Presidential spokesman İbrahim Kalın made statements on the economic situation after the cabinet meeting on February 4.
Mentioning that there have been some claims that the Turkish government will start talks with the IMF after the local elections on March 31, Kalın stated that these claims have no connection with reality at all. "Neither business people nor citizens should give any credits to these claims," he said.
"This is a type of perception operation. The IMF years are left behind for Turkey", the spokesman added, indicating that Turkey's trade volume increased by 6.3 percent and the Turkish industrialists and manufacturers have increased their access to world markets.
The Ministry of Finance and Treasury also made a statement last week about these claims, once again referring to a "perception operation". "Based on debt ratios, debt rollover ratios, and fiscal discipline performance of Turkey demonstrate that Turkey will no longer meet with the IMF in terms of credits even or technical support", the Ministry stated.
According to the January report "World Economic Outlook Update: A Weakening Global Expansion", the IMF projects a slow down in the Turkish economy in 2019.

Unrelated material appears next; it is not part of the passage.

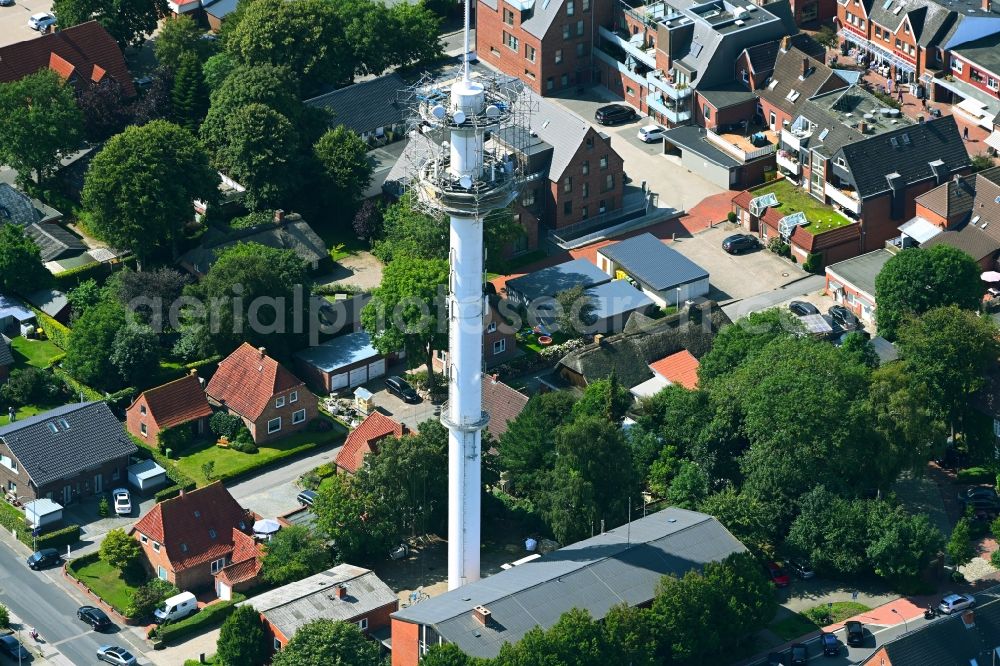 Aerial photograph Niebüll - Transmission system as basic network transmitter of Telecom in Niebuell in the state Schleswig-Holstein, Germany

"Growth in emerging and developing Europe in 2019 is now expected to weaken more than previously anticipated, to 0.7 percent (from 3.8 percent in 2018) despite generally buoyant growth in Central and Eastern Europe, before recovering to 2.4 percent in 2020. The revisions (1.3 percentage point in 2019 and 0.4 percentage point in 2020) are due to a large projected contraction in 2019 and a slower recovery in 2020 in Turkey, amid policy tightening and adjustment to more restrictive external financing conditions", the report read.